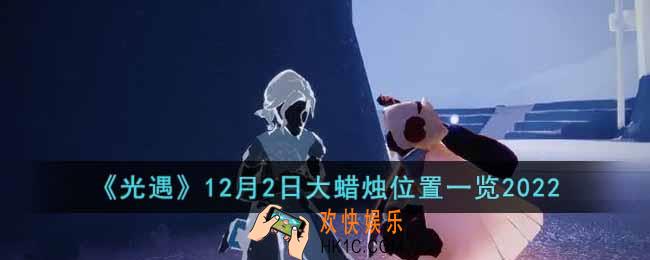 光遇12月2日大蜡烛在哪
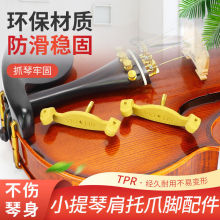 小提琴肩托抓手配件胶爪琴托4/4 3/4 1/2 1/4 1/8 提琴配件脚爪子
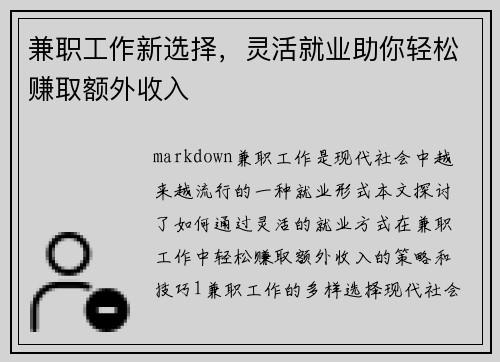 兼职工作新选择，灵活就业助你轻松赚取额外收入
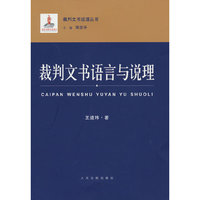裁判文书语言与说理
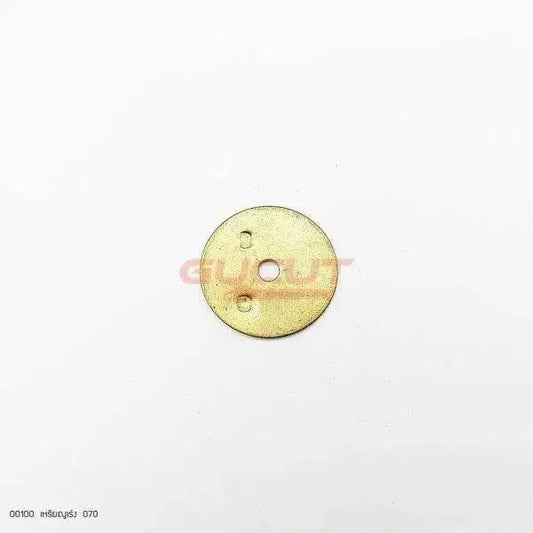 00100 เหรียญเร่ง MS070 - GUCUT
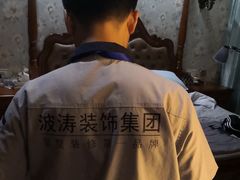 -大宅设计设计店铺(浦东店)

* * *

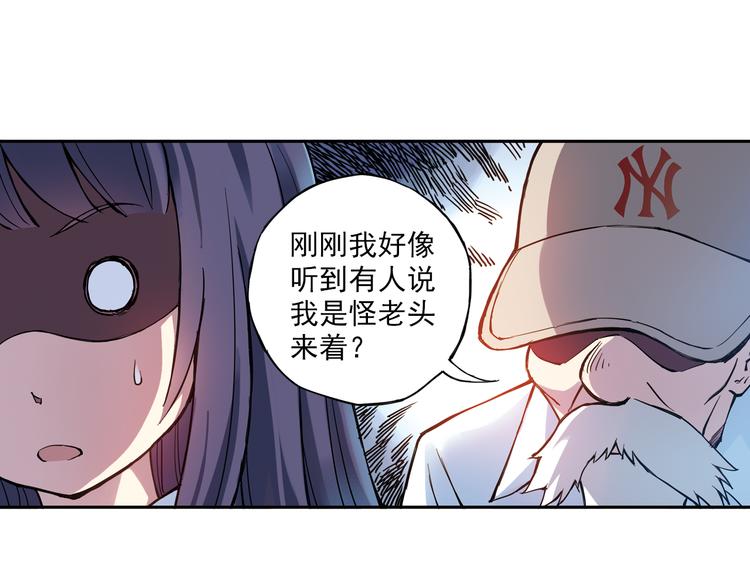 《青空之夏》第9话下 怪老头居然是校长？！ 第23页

• _DIRECTIONS_:
Using the data above, print only the lines starting at the one with "小提琴肩托抓手配件胶爪琴托4/4 3/4 1/2 1/4 1/8 提琴配件脚爪子" and ending at the one with "-大宅设计设计店铺(浦东店)", exactly as they stand, minus the pictures.

• _RESULT FOR THIS EXERCISE_:
 小提琴肩托抓手配件胶爪琴托4/4 3/4 1/2 1/4 1/8 提琴配件脚爪子
 兼职工作新选择，灵活就业助你轻松赚取额外收入
裁判文书语言与说理
 00100 เหรียญเร่ง MS070 - GUCUT
 -大宅设计设计店铺(浦东店)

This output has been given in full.